Fig 7. Example of a dependence graph. Plot (a) shows the dependence graph for the full model. Plot (b) shows the 
induced dependence graph for the marginal distribution of the selected variables A = {2, 3, 5, 7} and Y . 

If we select a subset of the variables A, there is an induced dependence graph for the marginal 
distribution of y U A. The structure follows from the usual manipulations of Gaussian covariance 
matrices (see Appendix A.l). This marginal graph corresponds to the dependence structure of the 
variables in the projected model we discussed earlier. 

Each of our definitions of a false selection have an interpretation in terms of these graphical 
models. Suppose we select variables A = {2, 3, 5, 7} in the example shown in Figure 7. In the 
marginal definition, a variable in A is a false selection if it does not have a path to y in the full 
graph (a), since such a path would correspond to a marginal correlation with y. In this case, all 
the variables are connected to y except variable 7, so there would be one false selection by that 
definition, and FDP = 1 /4. 

In the full model definition, a variable in A is a false selection if it is not directly connected to y 
in the full graph (a), since such links correspond to nonzero partial correlations. By this definition, 
variables 2,5,7 would be false selections, and the FDP = 3/4 for this approach. 

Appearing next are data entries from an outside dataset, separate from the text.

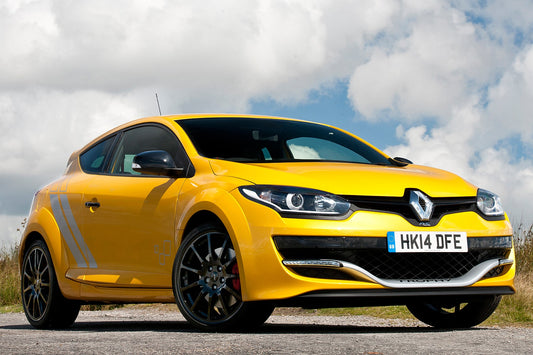 Renault Megane Renaultsport (2010 - 2016) PPF Kit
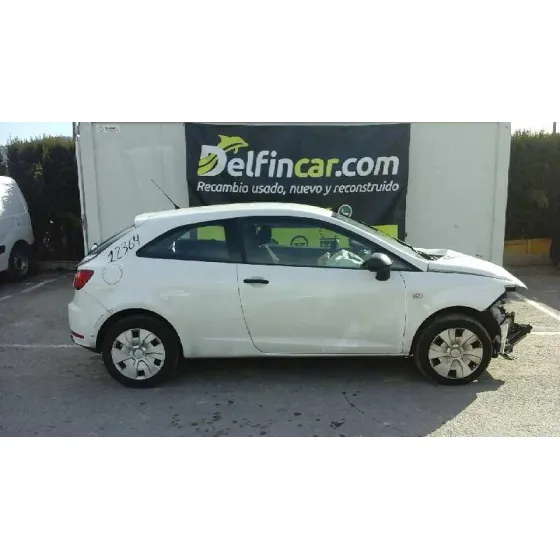 SEAT IBIZA SC (6J1) '2016 1.4 TDI BLANCO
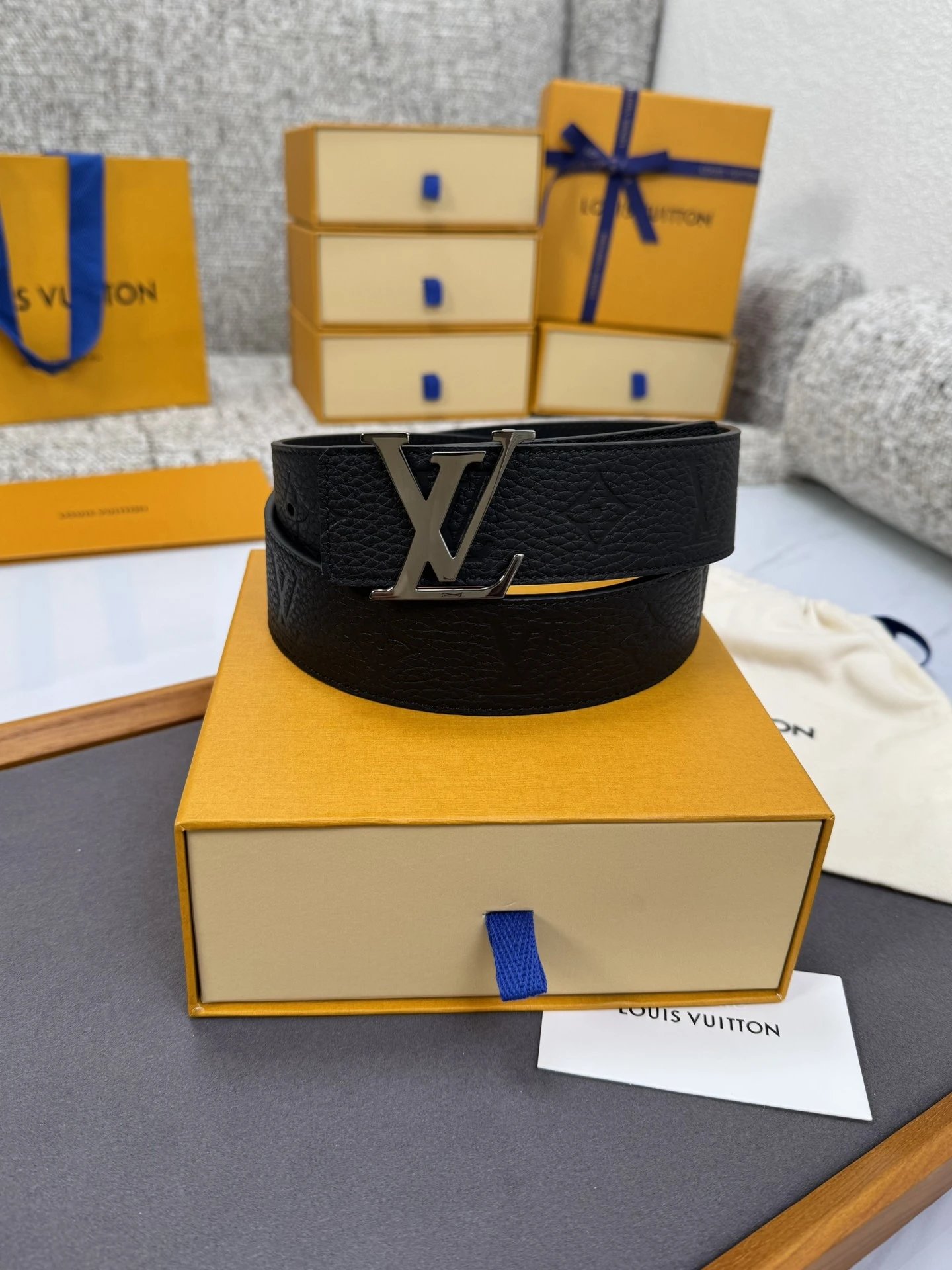Louis Vuitton Belt Ver.F — photo 2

In our projected model definition, a variable in A is a false selection if it is not directly connected 
to y in the graph (b) induced on the selected variables. The links in that induced graph correspond 
to correlations that cannot be explained by other selected variables. In the example, variables 2 and 
3 are directly connected to y in the induced graph, and variables 5 and 7 are not, so the FVP = 1/2.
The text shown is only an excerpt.